'''

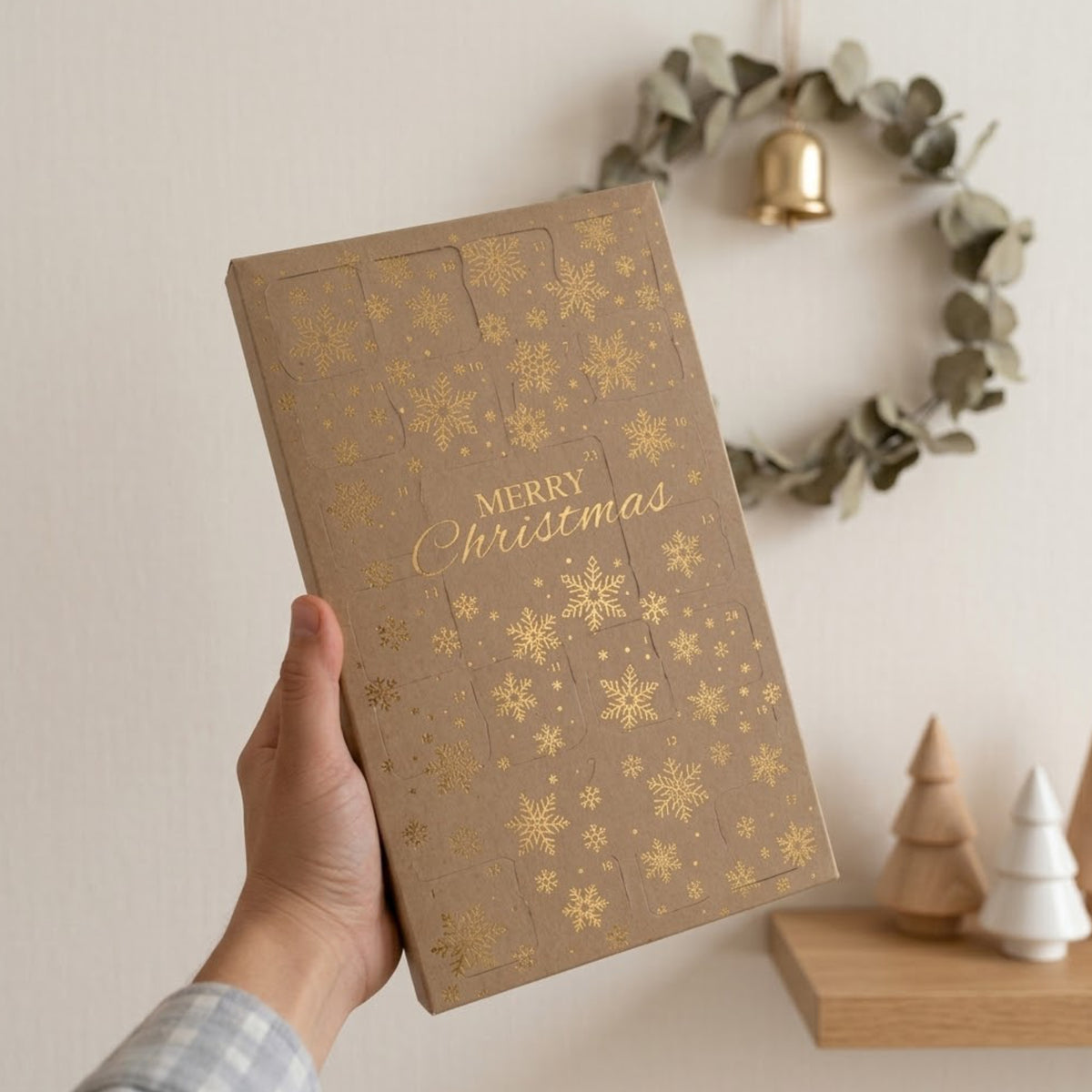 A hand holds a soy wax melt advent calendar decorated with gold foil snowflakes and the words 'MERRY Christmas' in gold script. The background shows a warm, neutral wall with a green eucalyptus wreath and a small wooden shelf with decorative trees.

'''
'''

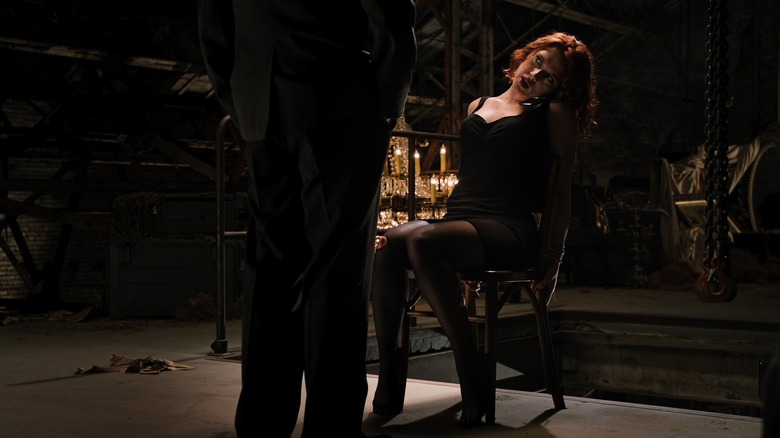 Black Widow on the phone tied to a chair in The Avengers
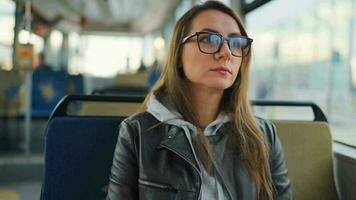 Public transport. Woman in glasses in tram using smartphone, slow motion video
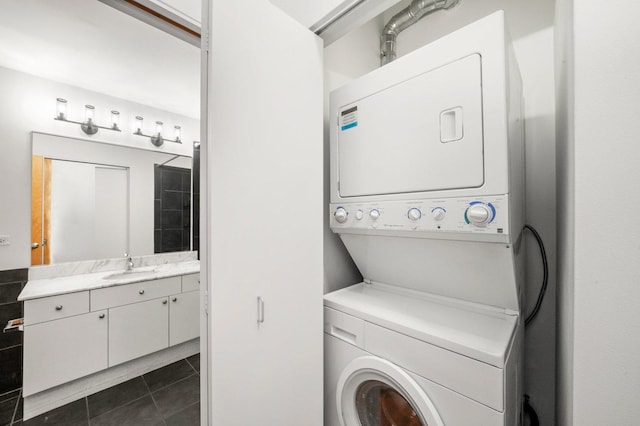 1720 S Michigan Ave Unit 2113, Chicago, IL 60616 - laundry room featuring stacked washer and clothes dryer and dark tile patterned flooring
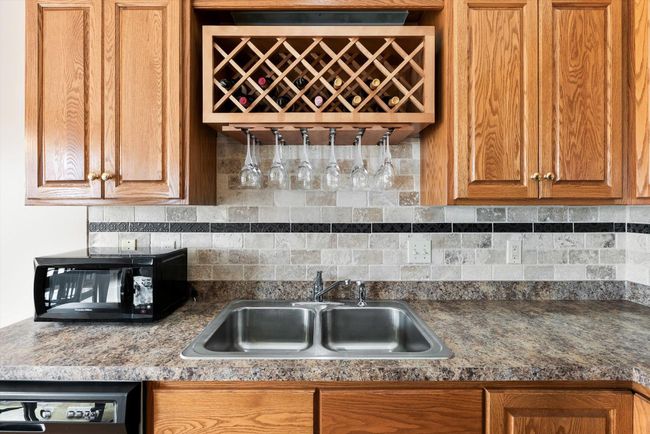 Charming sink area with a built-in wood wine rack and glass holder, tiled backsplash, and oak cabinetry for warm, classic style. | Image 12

'''
'''

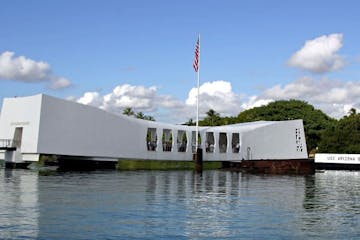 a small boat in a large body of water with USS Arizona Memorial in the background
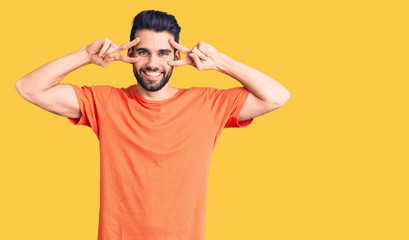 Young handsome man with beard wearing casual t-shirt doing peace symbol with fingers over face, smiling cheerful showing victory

'''

Activity
Using the entries above, transcribe every line from the line containing "Public transport. Woman" through the line containing "Charming sink area". Do not copy pictures.

Result of this exercise
 Public transport. Woman in glasses in tram using smartphone, slow motion video
 1720 S Michigan Ave Unit 2113, Chicago, IL 60616 - laundry room featuring stacked washer and clothes dryer and dark tile patterned flooring
 Charming sink area with a built-in wood wine rack and glass holder, tiled backsplash, and oak cabinetry for warm, classic style. | Image 12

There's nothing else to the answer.